As a Fixed Asset Accountant, you’ll often work with NetSuite to record assets. One really important part of this process is setting up depreciation rules. These rules determine how assets lose their value over time, which is important for financial reporting.
Administrators should take the lead in setting up the depreciation rules, as this is an important setup in Asset Creation. When they fully grasp the impact of each depreciation rule on the financial statements, it becomes easier to avoid mistakes in recording fixed assets. By doing so, they can ensure the accuracy of the financial records and save time on future corrections
Scenario: Understanding Depreciation Rule Variations
Let’s consider a scenario with the following asset details:
- Asset Type: Equipment
- Asset Original Cost: $500,000
- Asset Current Cost: $500,000
- Residual Value: $0
- Depreciation Method: Straight Line
- Asset Lifetime: 60 months
- Depreciation Period: Monthly
- Purchase Date: January 1, 2025
- Depreciation Start Date: Scenario 1 : January 1, 2025
- Scenario 2 : January 15, 2025
- Revision Rules: Current Period
Depreciation Rules and Their Impact:
Depreciation Rule
First Depreciation Date
Acquisition
January 31, 2025
Disposal
February 28, 2025
Mid-Month
January 31, 2025
Pro-rata
January 31, 2025
Calculation for Scenario 2:
- (Original cost / Asset Lifetime in years) * Number of days asset used / 30 days)

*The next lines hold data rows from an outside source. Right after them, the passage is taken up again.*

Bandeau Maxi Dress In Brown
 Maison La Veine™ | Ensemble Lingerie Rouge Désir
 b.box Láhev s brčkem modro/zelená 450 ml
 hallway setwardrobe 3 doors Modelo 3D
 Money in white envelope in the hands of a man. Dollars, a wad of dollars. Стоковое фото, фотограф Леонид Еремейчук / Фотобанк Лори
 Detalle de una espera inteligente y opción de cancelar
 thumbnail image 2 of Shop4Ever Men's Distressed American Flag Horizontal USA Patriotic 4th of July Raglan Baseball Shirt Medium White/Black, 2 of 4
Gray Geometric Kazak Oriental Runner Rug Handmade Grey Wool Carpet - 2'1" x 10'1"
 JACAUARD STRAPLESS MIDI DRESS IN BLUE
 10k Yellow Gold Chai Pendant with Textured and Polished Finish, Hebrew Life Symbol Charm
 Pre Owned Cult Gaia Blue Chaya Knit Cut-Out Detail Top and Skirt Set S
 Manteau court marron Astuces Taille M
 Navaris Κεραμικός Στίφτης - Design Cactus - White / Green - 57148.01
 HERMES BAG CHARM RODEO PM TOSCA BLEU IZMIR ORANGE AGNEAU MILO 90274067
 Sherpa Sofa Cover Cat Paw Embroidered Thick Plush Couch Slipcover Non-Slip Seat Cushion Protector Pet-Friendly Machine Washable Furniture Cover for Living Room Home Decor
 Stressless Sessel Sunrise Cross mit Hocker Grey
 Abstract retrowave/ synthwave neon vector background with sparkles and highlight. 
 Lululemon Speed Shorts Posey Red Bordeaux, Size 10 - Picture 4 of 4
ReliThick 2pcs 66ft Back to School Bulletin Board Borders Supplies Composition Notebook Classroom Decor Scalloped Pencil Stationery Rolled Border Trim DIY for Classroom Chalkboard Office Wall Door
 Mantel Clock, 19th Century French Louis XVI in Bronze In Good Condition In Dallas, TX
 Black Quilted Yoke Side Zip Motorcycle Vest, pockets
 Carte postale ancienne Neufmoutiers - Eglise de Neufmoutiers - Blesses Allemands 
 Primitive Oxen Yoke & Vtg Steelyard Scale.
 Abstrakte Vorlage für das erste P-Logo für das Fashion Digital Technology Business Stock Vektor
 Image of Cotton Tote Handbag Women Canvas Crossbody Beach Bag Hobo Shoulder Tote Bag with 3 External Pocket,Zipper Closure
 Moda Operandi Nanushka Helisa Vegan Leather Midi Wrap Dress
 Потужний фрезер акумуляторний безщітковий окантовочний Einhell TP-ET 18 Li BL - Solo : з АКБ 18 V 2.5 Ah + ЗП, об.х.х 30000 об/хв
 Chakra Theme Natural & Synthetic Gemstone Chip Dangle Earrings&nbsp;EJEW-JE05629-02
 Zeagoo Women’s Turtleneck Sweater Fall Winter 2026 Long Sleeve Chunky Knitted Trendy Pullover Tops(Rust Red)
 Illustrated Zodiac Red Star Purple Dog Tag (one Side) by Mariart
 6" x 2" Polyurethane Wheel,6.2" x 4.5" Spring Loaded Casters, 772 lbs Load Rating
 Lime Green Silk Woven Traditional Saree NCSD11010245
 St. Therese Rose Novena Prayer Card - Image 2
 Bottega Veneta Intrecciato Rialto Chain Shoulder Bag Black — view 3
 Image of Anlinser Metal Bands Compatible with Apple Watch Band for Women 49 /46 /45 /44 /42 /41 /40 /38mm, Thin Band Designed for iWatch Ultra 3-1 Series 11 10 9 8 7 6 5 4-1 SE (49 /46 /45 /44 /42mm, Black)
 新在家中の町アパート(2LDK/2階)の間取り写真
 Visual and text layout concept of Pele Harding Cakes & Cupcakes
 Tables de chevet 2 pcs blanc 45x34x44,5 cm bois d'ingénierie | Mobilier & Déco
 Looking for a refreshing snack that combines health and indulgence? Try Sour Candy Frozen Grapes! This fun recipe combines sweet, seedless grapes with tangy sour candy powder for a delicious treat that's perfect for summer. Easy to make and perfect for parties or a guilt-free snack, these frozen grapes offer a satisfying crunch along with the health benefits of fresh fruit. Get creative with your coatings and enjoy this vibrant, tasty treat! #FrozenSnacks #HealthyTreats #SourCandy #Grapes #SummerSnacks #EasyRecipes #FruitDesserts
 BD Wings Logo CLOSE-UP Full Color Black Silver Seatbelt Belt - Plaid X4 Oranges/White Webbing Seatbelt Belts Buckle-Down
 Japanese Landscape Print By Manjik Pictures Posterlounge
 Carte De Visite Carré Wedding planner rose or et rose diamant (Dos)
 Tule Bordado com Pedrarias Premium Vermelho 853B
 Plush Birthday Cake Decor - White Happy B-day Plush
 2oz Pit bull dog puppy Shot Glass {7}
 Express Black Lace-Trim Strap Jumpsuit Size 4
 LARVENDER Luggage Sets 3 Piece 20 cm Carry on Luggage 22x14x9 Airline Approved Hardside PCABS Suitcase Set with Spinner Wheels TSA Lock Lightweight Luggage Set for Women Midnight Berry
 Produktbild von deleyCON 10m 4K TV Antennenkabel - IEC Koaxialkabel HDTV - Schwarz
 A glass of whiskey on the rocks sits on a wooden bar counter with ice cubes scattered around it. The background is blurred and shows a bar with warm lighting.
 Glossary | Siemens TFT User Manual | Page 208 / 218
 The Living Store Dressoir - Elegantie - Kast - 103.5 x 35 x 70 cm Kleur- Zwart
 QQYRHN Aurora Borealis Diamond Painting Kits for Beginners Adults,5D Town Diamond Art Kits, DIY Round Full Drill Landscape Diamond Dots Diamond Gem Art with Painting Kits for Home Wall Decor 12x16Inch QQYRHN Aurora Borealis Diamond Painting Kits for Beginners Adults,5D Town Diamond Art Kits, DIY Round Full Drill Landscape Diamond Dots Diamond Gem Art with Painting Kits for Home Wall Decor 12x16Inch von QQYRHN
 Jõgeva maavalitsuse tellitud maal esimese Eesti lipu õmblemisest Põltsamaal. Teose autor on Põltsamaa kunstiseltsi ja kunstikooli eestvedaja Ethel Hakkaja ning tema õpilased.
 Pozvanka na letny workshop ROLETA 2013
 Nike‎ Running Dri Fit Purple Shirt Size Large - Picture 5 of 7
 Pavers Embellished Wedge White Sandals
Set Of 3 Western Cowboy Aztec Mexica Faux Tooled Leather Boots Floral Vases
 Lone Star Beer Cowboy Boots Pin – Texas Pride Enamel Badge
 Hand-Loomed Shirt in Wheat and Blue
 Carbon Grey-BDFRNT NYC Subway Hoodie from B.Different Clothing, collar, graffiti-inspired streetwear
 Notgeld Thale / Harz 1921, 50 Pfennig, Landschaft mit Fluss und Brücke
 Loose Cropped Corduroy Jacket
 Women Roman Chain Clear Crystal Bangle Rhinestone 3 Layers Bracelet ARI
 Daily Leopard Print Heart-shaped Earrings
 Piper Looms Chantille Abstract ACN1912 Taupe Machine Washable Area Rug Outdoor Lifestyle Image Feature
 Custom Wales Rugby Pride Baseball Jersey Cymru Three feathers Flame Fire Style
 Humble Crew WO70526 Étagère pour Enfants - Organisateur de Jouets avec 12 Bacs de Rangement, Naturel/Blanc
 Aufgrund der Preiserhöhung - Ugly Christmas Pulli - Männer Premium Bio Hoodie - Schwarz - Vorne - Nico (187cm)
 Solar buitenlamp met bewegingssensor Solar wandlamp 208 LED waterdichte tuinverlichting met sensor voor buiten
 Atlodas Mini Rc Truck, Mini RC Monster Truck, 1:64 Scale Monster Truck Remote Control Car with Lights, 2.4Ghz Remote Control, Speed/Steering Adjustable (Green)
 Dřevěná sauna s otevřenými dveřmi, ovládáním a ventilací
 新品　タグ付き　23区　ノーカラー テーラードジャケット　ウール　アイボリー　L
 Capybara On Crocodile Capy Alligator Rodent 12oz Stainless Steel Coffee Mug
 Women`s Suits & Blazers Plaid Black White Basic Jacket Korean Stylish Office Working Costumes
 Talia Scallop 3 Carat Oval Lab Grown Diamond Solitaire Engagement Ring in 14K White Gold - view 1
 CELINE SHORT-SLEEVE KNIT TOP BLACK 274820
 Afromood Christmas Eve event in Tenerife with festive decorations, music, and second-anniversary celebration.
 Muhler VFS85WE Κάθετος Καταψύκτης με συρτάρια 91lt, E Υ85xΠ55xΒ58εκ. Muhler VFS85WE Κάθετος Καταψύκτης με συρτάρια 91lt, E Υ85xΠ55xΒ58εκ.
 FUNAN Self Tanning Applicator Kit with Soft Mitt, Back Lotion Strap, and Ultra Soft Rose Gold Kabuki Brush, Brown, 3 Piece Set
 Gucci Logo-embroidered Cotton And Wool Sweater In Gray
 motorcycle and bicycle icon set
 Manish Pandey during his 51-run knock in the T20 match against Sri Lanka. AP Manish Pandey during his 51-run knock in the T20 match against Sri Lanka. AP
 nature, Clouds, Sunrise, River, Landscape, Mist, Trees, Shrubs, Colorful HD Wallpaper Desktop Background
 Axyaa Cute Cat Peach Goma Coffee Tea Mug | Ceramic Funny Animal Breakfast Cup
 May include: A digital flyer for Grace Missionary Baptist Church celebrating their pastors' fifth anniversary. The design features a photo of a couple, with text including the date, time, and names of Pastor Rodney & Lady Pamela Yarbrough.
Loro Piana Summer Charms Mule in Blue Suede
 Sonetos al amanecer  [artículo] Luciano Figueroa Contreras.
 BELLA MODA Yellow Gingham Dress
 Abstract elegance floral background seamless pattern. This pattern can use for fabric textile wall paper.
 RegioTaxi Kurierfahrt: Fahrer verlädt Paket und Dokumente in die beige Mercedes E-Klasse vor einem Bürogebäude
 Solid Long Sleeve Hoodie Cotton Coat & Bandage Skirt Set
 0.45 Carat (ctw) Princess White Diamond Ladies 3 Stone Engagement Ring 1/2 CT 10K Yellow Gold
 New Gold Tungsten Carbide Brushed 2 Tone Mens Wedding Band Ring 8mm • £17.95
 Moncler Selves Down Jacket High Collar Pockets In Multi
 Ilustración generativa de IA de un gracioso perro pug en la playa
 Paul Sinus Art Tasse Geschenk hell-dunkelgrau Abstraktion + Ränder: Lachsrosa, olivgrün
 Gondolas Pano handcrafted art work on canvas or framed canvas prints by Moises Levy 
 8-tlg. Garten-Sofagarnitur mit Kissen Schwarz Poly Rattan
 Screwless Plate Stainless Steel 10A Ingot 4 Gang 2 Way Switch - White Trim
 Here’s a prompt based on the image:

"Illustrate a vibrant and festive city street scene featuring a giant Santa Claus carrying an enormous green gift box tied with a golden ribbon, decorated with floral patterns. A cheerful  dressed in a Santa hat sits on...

- (500,000 / 5 years) * 16 days / 30 days) = $53,333.33 depreciation for the period
In the above table, we see how the depreciation start date affects the first depreciation date under different rules. When the depreciation start date is within the first half of the month, depreciation begins in the same month as the asset acquisition. If it falls in the second half, depreciation starts the following month.
Mid-Month Rule:
If the depreciation start date is within the second half of the month (e.g., June 28, 2025), depreciation will commence in the subsequent month (July).
Pro-rata Rule:
With the Pro-rata rule, depreciation is calculated based on the number of days the asset was used within the depreciation period, assuming a 30-day month. This rule is particularly relevant when the depreciation start date is not aligned with the beginning of the month.
Conclusion:
Selecting the appropriate depreciation rule is vital for accurate financial reporting. The chosen rule determines when depreciation begins and how it is calculated, directly impacting the asset’s value over time. This guide aims to assist Fixed Asset Accountants in making informed decisions when importing assets and applying depreciation rules in NetSuite.